Aufgepasst - der Bundespräsident erklärt uns den Krieg!

Bei diesem Beitrag handelt es sich um ein Blog aus der Freitag-Community.
Ihre Freitag-Redaktion

Auf der Internet-Seite von DeutschlandRadio finden sich zwei mp3-Dateien mit jeweils unterschiedlichen Fassungen des Interviews mit Horst Köhler auf seinem Rückflug von Masar-I-Sharif am vergangenen Freitag/Samstag. In der ersten Fassung (chronologisch ist es die zweite von 08:12 Uhr) fehlt die entscheidende Passage, in welcher der Bundespräsident offen ausspricht, dass es in diesem Krieg auch um wirtschaftliche Interessen Deutschlands als Außenhandelsnation geht, dass es um „freie Handelswege“ geht, dass es am Hindukusch eigentlich um deutsche Arbeitsplätze gehe und dass all das Gründe seien, die im Zweifelsfall einen militärischen Einsatz der Bundeswehr rechtfertigten, inklusive toter Soldaten. (2. Fassung von 07:51 Uhr, diese Passage enthaltend, hier)

Mal abgesehen davon, dass das mit den zwei verschiedenen Interview-Fassungen etwas merkwürdig ist und vor allem, dass die entscheidende Passage in der aktuelleren der beiden Fassungen fehlt, bleibt festzustellen, dass Horst Köhler als oberster Verfassungsschützer im Begriff ist, selbige zu brechen. Denn wenn wirtschaftliche Gründe für den Krieg herhalten müssen, ist das durch das Grundgesetz keinesfalls gedeckt, weder im Wort noch im Geist. Im Gegenteil: es ist sogar explizit verboten.

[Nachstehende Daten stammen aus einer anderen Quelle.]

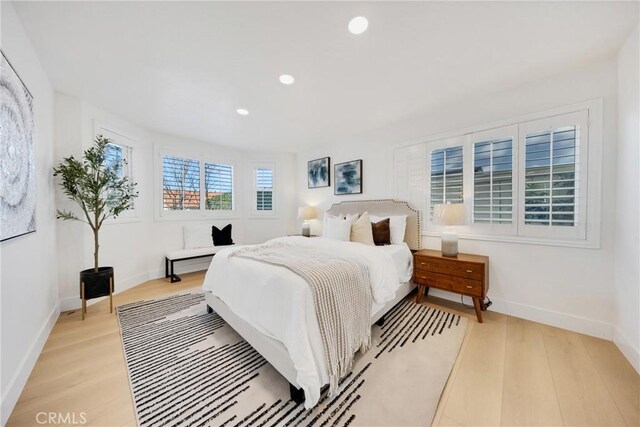 bedroom with light wood-type flooring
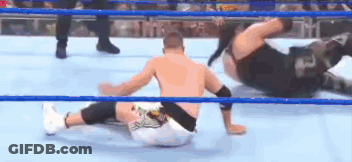 Two Men Are Wrestling In A Wrestling Ring And One Is Laying On The Ground . GIF
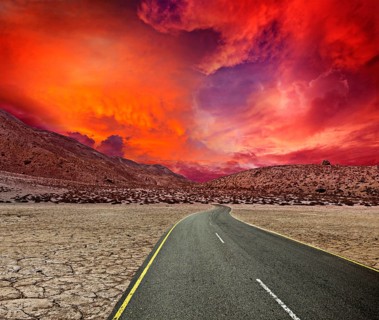 Road in desert on sunset
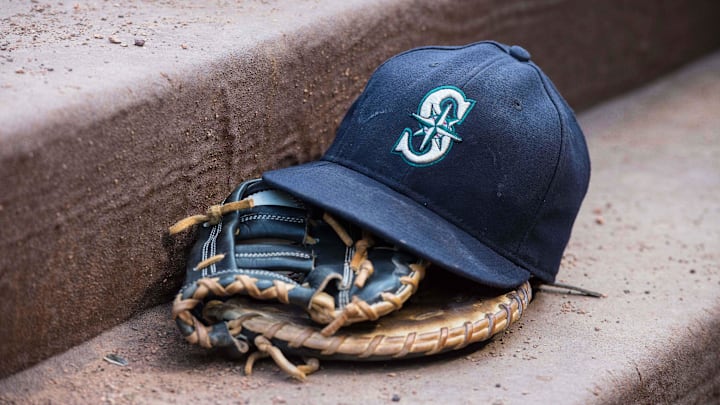 Aug 18, 2015; Arlington, TX, USA; A view of a Seattle Mariners ball cap and glove during the game between the Texas Rangers and the Seattle Mariners at Globe Life Park in Arlington. The Mariners defeat the Rangers 3-2. Mandatory Credit: Jerome Miron-Imagn Images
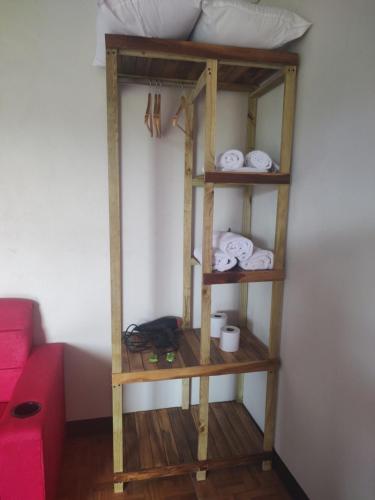 a room with a shelf with towels and a bed at Villas El Alto 1 in Tambor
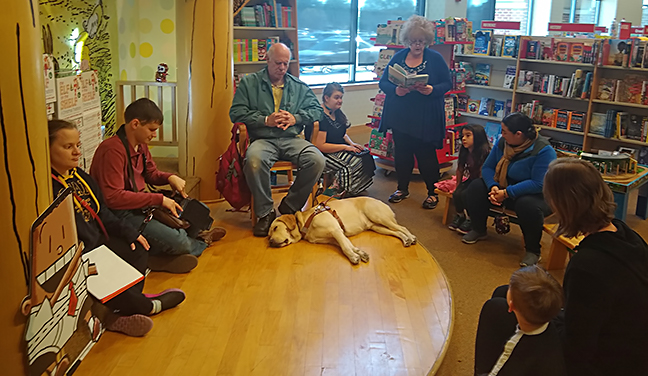 Carole reads a poem aloud during story time reading.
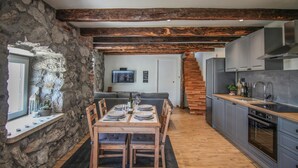 A modern kitchen with wooden beams, a stone wall, and a dining area with a table set for four. - Gorgeous home in Veprinac (Veprinac)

Wenn Köhler nun schon, wahrscheinlich aus Unachtsamkeit, so ehrlich war, dann sollte man doch auch sofort den Soldaten in Afghanistan und ihren Familien, der ganzen deutschen Gesellschaft reinen Wein einschenken und sagen, was diese Äußerungen des Bundespräsidenten hoch über den Wolken bedeuten. Zum Beispiel bedeutet es, dass die in Afghanistan Gefallenen, guter deutscher Tradition folgend, weder für Freiheit oder Sicherheit noch für Kaiser, Volk und Vaterland gefallen sind, sondern für privatwirtschaftliche Interessen. Quasi aus konjunkturellen Gründen. Keine toten Helden also, sondern lediglich Weichziele mit Totalschaden, abzuschreibendes Humankapital.

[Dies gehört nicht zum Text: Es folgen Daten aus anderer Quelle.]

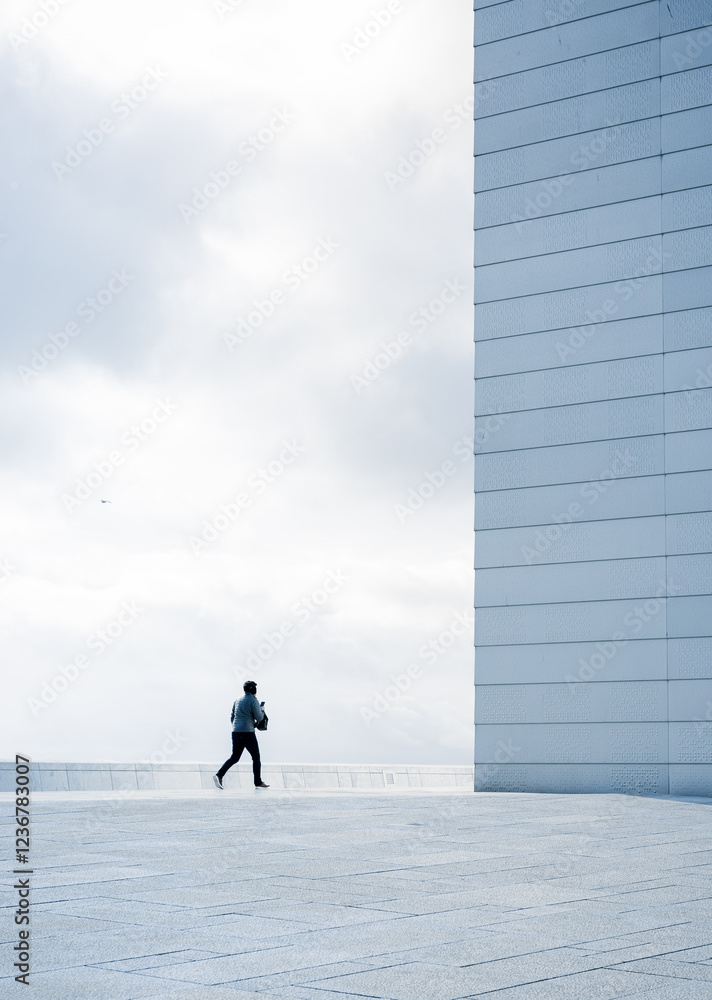 silhouette of a person moving towards a high wall silhouette of a person moving towards a high wall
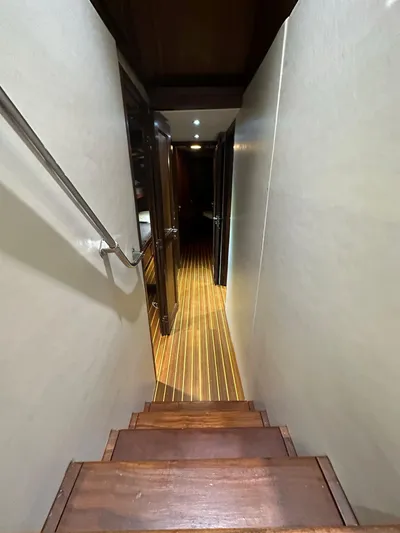 The Godfather Yacht Photos Pics Interior hallway of 1986 Hatteras 52 Convertible yacht with wooden flooring.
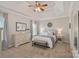 Inviting bedroom showcases a trey ceiling, neutral walls, soft carpet, and dresser with mirror and bench at 19679 Wooden Tee Dr, Davidson, NC 28036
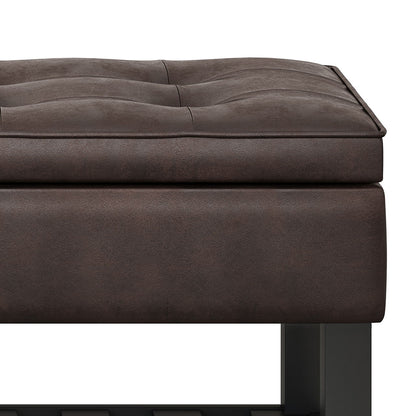 Close-up of the Cosmopolitan - Storage Ottoman Bench With Open Bottom, featuring dark brown tufted leather, a thick cushion, and black metal legs against a white background.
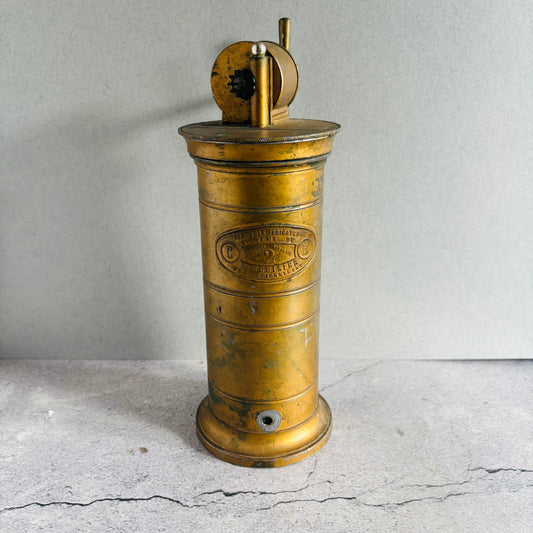 Vintage brass Antique Gynaecological Vaginal Irrigation Pump on a grae surface with a neutral background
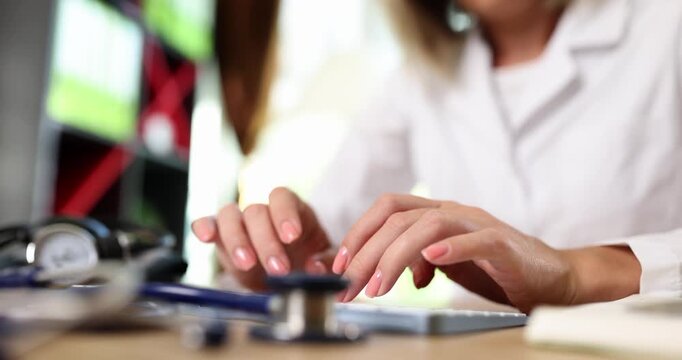 Fingers press laptop keyboard making quick tapping sounds while typing among medical tools. Woman keeps steady rhythm creating flowing text on screen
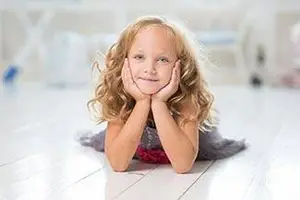 Blonde-haired girl lying on white floor, smiling, and looking at the camera with her hands on her cheeks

Es bedeutet auch, dass alle im Bundestag vertretenen Parteien -bis auf eine Ausnahme (über der, auch für ihre Verweigerungshaltung diesbezüglich, regelmäßig mediale Schmutzkübel entleert werden)- immer wieder für einen verfassungswidrigen Militäreinsatz gestimmt haben, diesen bis heute rechtfertigen und mindestens prinzipiell unterstützen. So wenig, wie es beim Irak-Krieg um Massenvernichtungswaffen ging, genau so wenig geht es in diesem Afghanistan-Krieg um Demokratie, Frieden und Sicherheit. Das ist seit längerem evident; nun ist es durch ein Geständnis hinlänglich bewiesen. Leugnen ist ab jetzt also zwecklos.

Man darf gespannt sein, ob diese ungeheuerliche Tatsache, dieser Skandal in den Medien des Landes breite Beachtung finden wird. (das glaube ich ja wohl selbst nicht)

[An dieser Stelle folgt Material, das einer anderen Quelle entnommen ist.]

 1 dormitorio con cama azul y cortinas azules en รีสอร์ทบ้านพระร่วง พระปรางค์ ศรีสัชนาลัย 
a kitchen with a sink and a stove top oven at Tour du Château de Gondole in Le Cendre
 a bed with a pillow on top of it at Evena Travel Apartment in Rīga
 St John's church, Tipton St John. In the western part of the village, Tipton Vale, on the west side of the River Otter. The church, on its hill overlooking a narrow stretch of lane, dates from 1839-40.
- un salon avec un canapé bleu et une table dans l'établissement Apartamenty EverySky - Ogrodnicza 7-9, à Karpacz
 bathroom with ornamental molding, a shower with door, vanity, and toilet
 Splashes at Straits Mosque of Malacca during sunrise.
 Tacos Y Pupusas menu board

P.S.: Falls in der Zwischenzeit eine der beiden Interview-Fassungen auf dradio.de wundersam abhanden kommen sollte, und es ausgerechnet diejenige ist, welche die heikle Passage enthält, kann man diese Fassung hier (verzendnet) und hier (rapidshare) herunterladen. Soll ja wenigstens dieses Mal keiner hinterher behaupten können, er habe von nichts gewusst...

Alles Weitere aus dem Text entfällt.